We address two challenges of probabilistic topic modelling in order to better estimate the probability of a word in a given context, i.e., P(word|context): (1) No Language Structure in Context: Probabilistic topic models ignore word order by summarizing a given context as a "bag-of-word" and consequently the semantics of words in the context is lost. The LSTM-LM learns a vector-space representation of each word by accounting for word order in local collocation patterns and models complex characteristics of language (e.g., syntax and semantics), while the TM simultaneously learns a latent representation from the entire document and discovers the underlying thematic structure.
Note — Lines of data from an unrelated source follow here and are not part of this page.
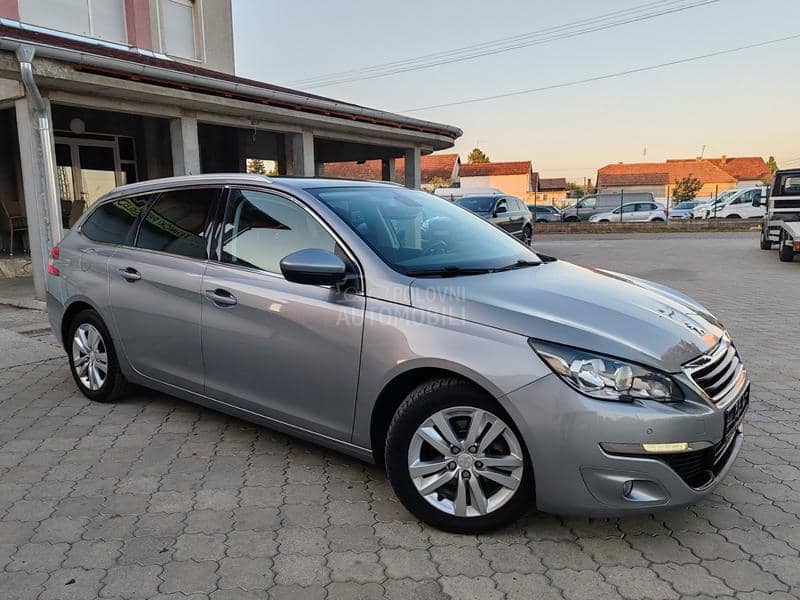 Peugeot 308 SW 1.6 E-HDI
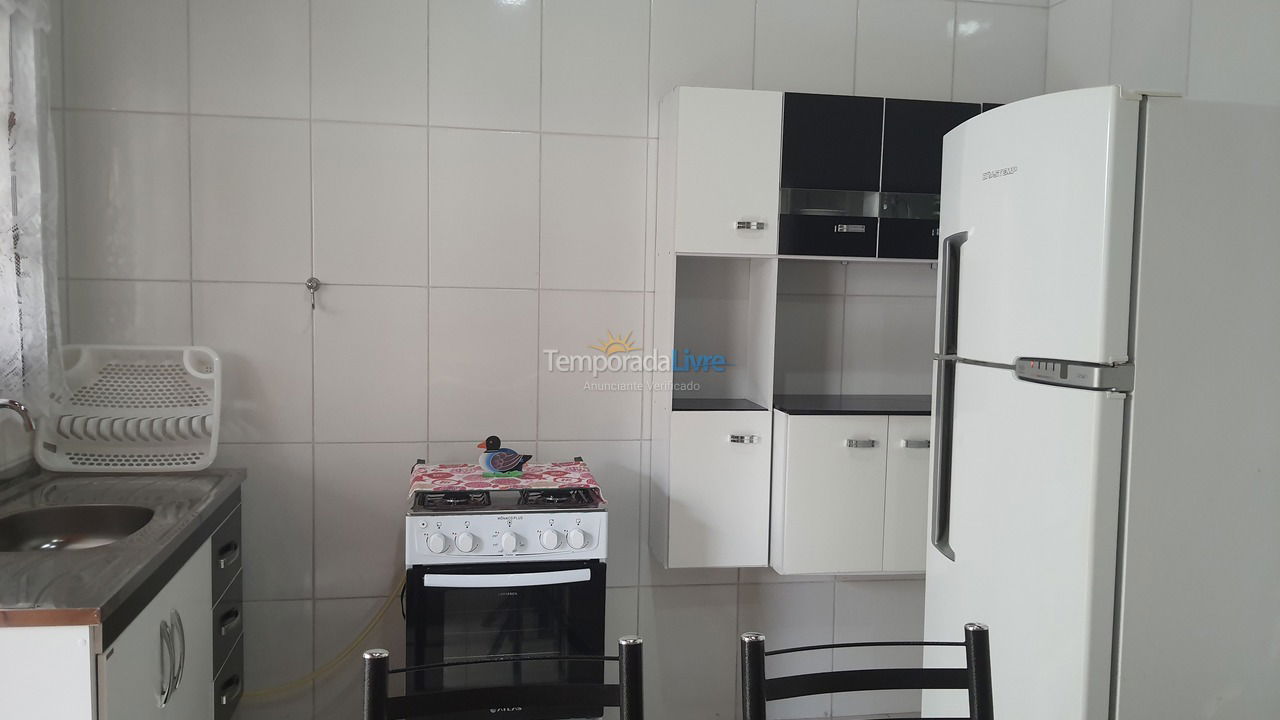 House for vacation rental in Caraguatatuba (Porto Novo)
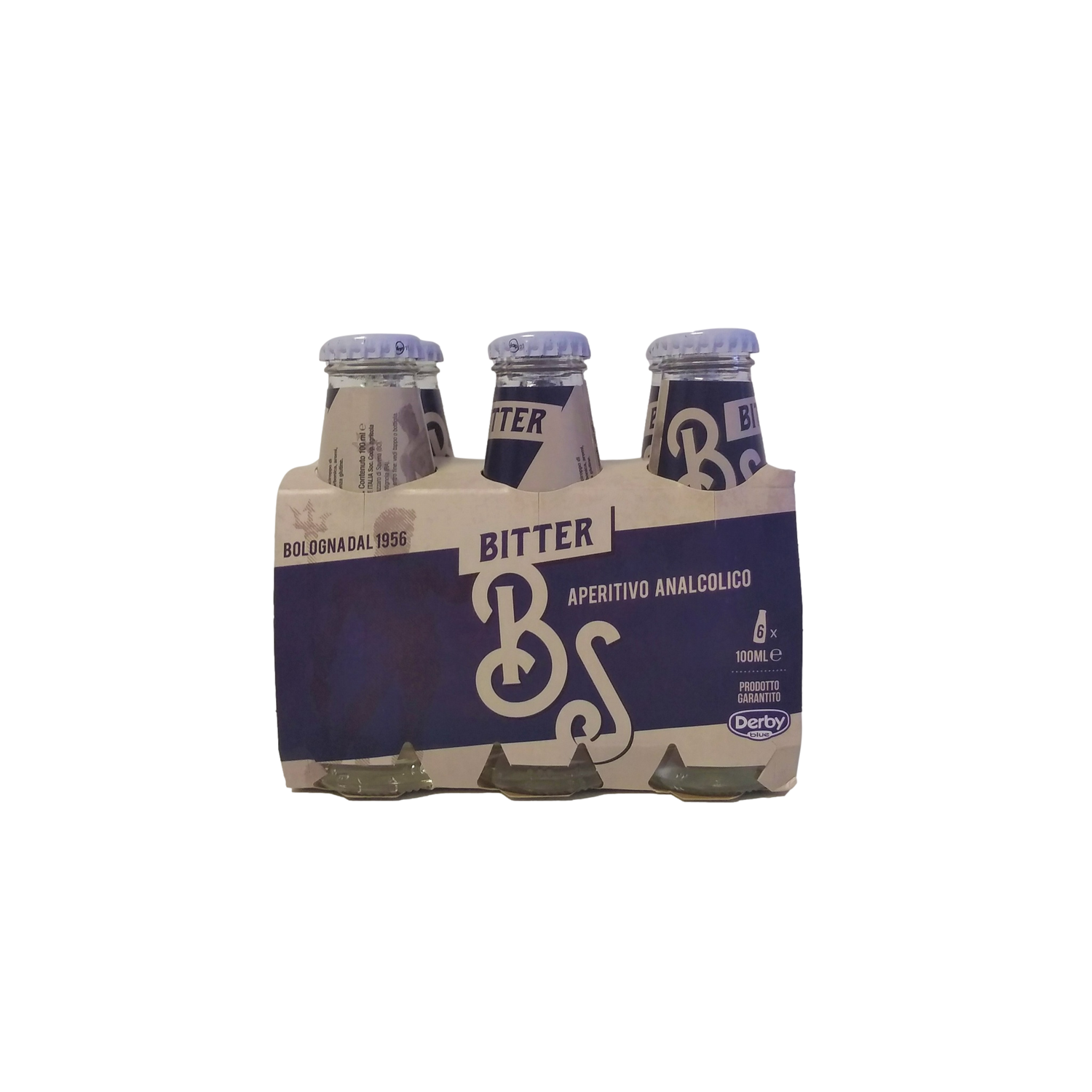 BS BITTER CL 10 X 6 WHITE X 4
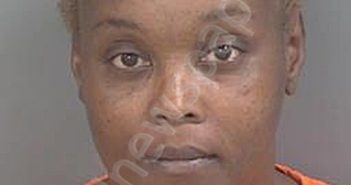 SIMMONS,SHARHONDA DARLENE | 2026-06-01 Collier County, Florida Booking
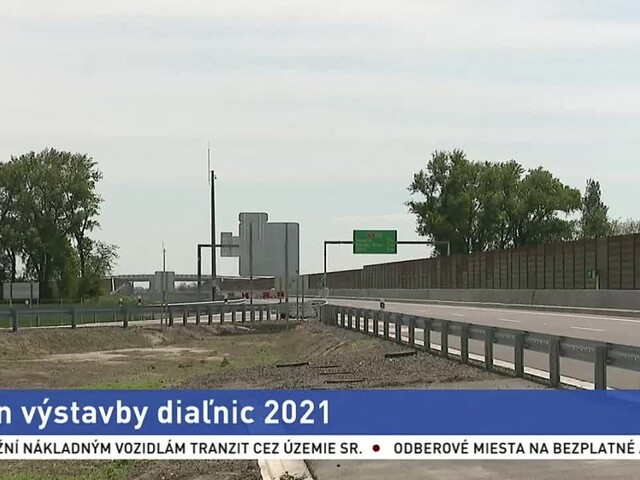 Višňové i obchvat Prešova. Doležal chce pokračovať vo výstavbe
We unite two complementary paradigms of learning the meaning of word occurrences by combining a TM (e.g., DocNADE) and a LM in a unified probabilistic framework, named as ctx-DocNADE. (2) Limited Context and/or Smaller training corpus of documents: In settings with a small number of word occurrences (i.e., lack of context) in short text or data sparsity in a corpus of few documents, the application of TMs is challenging. We address this challenge by incorporating external knowledge into neural autoregressive topic models via a language modelling approach: we use word embeddings as input of a LSTM-LM with the aim to improve the word-topic mapping on a smaller and/or short-text corpus. The proposed DocNADE extension is named as ctx-DocNADEe. We present novel neural autoregressive topic model variants coupled with neural LMs and embeddings priors that consistently outperform state-of-the-art generative TMs in terms of generalization (perplexity), interpretability (topic coherence) and applicability (retrieval and classification) over 6 long-text and 8 short-text datasets from diverse domains.